Stored items:
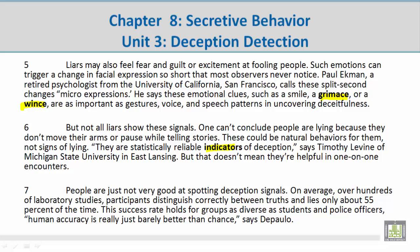Paragraph 7: People are just not very good at spotting deception signals. On average, over hundreds of laboratory studies, participants distinguish correctly between truths and lies only about 55% of the time. This success rate holds for groups as diverse as students and police officers. Human accuracy is really just barely better than chance, says DePaulo.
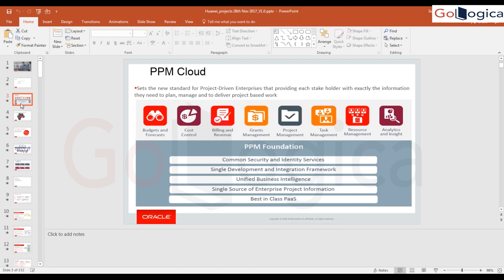We talk about project execution management and project financial management. Project execution management covers project task management and project resource management. The really important things come in project financial management, which covers the financial aspects of PPM — primarily project costing and project billing. Under this we have project foundation, project control, project contracts, billing, and SLA accounting.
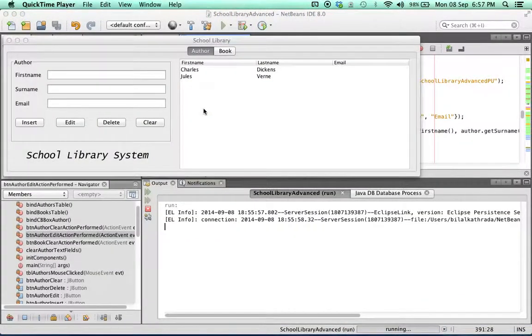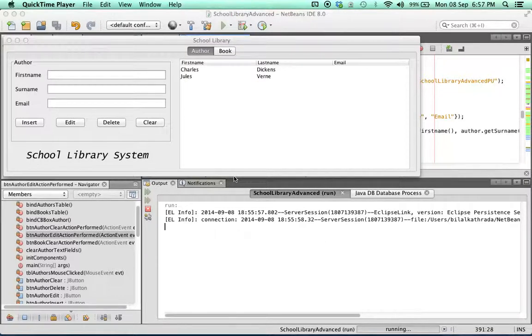When we run the app we find that the information from the database is now displayed in our JTable, which shows us that the binding has been successful.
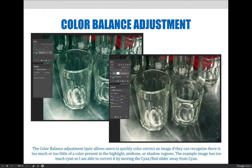The color balance adjustment layer allows users to quickly color correct an image if they can recognize there is too much or too little of a color present in the highlight, midtone, or shadow regions. The example image has too much cyan, so I am able to correct it by moving the cyan/red slider away from cyan.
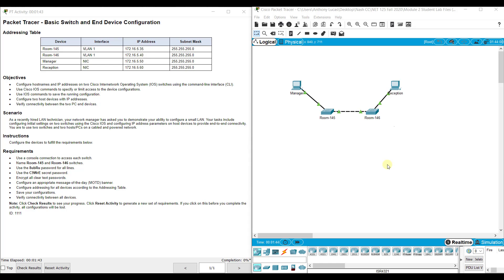Hi everyone. This video walks through completing Packet Tracer Assignment 2.9.1, Basic Switch and End-Device Configuration.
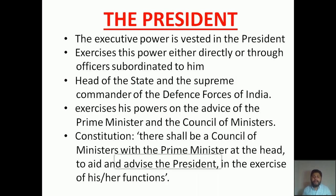According to our Constitution, there shall be a Council of Ministers with the Prime Minister at the head to aid and advise the President in the exercise of his or her functions. In the Constitution of our country, it clearly states that the President must get advice from the Prime Minister as well as the Council of Ministers for the smooth functioning of the nation.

Exercise aim: Copy the records above exactly. Do not carry any picture into the copy.

Final answer:
Paragraph 7: People are just not very good at spotting deception signals. On average, over hundreds of laboratory studies, participants distinguish correctly between truths and lies only about 55% of the time. This success rate holds for groups as diverse as students and police officers. Human accuracy is really just barely better than chance, says DePaulo.
We talk about project execution management and project financial management. Project execution management covers project task management and project resource management. The really important things come in project financial management, which covers the financial aspects of PPM — primarily project costing and project billing. Under this we have project foundation, project control, project contracts, billing, and SLA accounting.
When we run the app we find that the information from the database is now displayed in our JTable, which shows us that the binding has been successful.
The color balance adjustment layer allows users to quickly color correct an image if they can recognize there is too much or too little of a color present in the highlight, midtone, or shadow regions. The example image has too much cyan, so I am able to correct it by moving the cyan/red slider away from cyan.
Hi everyone. This video walks through completing Packet Tracer Assignment 2.9.1, Basic Switch and End-Device Configuration.
According to our Constitution, there shall be a Council of Ministers with the Prime Minister at the head to aid and advise the President in the exercise of his or her functions. In the Constitution of our country, it clearly states that the President must get advice from the Prime Minister as well as the Council of Ministers for the smooth functioning of the nation.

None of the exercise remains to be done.